Kadang orang bertanya, apakah tujuan dapat menghalalkan segala cara ? Dalam kalkulasi rohaniah, sulit membayangkan tujuan mulia dicapai melalui sarana hina. Tujuan mulia, hidup dalam hati yang mulia; bagaiman cara hina dapat digunakan ? Cara hina, buruk ibarat kotoran yang akan menggantungi rohani kita. Dalam kalkulasi rohaniah, sarana adalah bagian dari tujuan.
Prinsip Memberi
Hidup bagi fikrah, bagi orang lain berarti hidup yang selalu memberi. Kepuasan rohani dicapai dalam memberi. Memberi kegembiraan, kepercayaan, harapan, hiburan bagi orang lain. Kepuasan rohani ini cukup bagi kita, terlepas dari apresiasi atau penghargaan orang lain atas kita.

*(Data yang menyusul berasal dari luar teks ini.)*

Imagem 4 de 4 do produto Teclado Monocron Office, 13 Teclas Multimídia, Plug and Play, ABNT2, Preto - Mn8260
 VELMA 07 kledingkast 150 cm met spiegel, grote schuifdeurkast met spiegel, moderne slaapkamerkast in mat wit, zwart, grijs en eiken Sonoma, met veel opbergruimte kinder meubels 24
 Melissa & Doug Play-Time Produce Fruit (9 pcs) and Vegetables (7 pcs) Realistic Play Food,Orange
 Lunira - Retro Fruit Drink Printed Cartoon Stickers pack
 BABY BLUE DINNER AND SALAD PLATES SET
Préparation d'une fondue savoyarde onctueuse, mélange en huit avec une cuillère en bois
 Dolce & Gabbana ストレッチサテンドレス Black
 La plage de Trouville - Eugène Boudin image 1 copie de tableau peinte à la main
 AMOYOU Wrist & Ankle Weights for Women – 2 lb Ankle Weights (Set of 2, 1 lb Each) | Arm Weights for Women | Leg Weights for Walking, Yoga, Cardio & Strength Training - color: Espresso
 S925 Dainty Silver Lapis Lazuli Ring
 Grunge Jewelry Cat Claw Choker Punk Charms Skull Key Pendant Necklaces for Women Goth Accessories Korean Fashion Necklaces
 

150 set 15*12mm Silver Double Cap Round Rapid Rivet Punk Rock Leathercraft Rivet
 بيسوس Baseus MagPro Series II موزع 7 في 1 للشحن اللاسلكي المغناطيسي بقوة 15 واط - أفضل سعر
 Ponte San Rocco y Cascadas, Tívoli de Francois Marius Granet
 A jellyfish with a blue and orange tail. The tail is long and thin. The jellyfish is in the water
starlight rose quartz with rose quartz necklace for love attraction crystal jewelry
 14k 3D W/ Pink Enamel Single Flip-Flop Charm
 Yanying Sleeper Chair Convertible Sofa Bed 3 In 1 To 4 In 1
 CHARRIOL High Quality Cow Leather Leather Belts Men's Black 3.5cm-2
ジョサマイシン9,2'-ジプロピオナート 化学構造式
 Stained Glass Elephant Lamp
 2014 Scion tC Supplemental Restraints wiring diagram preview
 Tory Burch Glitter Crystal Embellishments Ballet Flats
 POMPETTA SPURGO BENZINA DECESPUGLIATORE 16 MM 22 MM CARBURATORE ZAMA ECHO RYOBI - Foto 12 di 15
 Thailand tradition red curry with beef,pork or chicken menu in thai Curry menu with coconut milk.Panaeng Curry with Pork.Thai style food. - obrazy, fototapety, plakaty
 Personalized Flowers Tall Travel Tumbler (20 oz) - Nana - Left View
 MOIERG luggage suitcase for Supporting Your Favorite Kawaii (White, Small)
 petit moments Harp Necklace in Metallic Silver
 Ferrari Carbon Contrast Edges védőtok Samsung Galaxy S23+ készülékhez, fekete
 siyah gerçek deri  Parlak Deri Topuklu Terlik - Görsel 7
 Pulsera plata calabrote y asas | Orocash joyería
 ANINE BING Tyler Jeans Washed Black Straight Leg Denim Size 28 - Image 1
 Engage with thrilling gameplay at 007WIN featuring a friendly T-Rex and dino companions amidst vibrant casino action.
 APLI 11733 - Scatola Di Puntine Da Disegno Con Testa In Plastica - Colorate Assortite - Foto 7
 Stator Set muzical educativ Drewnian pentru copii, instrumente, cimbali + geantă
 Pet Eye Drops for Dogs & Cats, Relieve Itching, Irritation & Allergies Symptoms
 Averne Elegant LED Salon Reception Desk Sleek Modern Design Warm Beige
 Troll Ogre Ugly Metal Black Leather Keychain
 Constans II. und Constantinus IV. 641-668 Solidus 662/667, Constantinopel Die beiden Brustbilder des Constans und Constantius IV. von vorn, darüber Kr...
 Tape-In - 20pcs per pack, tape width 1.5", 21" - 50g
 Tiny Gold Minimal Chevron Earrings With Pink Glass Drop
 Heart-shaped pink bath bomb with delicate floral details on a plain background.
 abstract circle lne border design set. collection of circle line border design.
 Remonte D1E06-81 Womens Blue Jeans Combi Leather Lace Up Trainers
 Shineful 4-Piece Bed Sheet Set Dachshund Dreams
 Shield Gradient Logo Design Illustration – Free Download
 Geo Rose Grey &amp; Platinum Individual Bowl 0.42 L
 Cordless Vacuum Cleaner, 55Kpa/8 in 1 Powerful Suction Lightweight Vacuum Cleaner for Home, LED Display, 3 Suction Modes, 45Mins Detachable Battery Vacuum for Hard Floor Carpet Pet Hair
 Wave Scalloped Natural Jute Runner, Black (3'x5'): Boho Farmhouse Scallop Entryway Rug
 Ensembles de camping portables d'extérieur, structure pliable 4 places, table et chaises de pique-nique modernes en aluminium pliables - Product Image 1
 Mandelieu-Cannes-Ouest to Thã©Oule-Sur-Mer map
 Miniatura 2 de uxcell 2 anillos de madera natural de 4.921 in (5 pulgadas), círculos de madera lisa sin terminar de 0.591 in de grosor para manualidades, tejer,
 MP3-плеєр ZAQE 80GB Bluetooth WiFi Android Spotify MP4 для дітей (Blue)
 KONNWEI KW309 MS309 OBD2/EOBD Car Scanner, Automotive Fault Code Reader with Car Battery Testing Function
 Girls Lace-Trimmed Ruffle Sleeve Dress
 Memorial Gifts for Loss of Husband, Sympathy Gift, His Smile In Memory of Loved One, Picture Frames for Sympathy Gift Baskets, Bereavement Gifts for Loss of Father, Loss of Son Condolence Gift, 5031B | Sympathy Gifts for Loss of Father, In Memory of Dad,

Mengambil dan memberi tampak seperti kontras. Dalam perspektif rohani bagi Sayyid Qutb, sebenarnya ia merupakan aspek yang sama. Setiap kali kita memberi, setiap kali pula kita mengambil. Maksudnya, setiap kali memberi selalu kita telah mengambil imbalan (kepuasan dan kegembiraan rohaniah).
Sayyid Qutb mengungkapkan, “Aku sudah tidak lagi takut pada kematian, meskipun ia datang mendadak. Aku sudah banyak mengambil dari kehidupan ini, (karena, yakni) aku sudah ‘memberi’.”